+++ Task material +++

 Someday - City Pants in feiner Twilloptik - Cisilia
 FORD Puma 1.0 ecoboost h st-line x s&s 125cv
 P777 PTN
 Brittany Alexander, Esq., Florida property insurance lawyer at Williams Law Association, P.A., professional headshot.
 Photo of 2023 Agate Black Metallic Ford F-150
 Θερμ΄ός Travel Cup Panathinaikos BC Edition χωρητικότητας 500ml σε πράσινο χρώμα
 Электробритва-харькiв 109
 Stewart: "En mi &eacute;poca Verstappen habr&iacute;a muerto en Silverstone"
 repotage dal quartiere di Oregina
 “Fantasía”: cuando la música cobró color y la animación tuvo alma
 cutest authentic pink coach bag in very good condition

+++

- [Your assignment]:
Reproduce exactly, with nothing added, the lines from the one that contains "Электробритва-харькiв 109" to the end of the data.

- [Answer box]:
 Электробритва-харькiв 109
 Stewart: "En mi &eacute;poca Verstappen habr&iacute;a muerto en Silverstone"
 repotage dal quartiere di Oregina
 “Fantasía”: cuando la música cobró color y la animación tuvo alma
 cutest authentic pink coach bag in very good condition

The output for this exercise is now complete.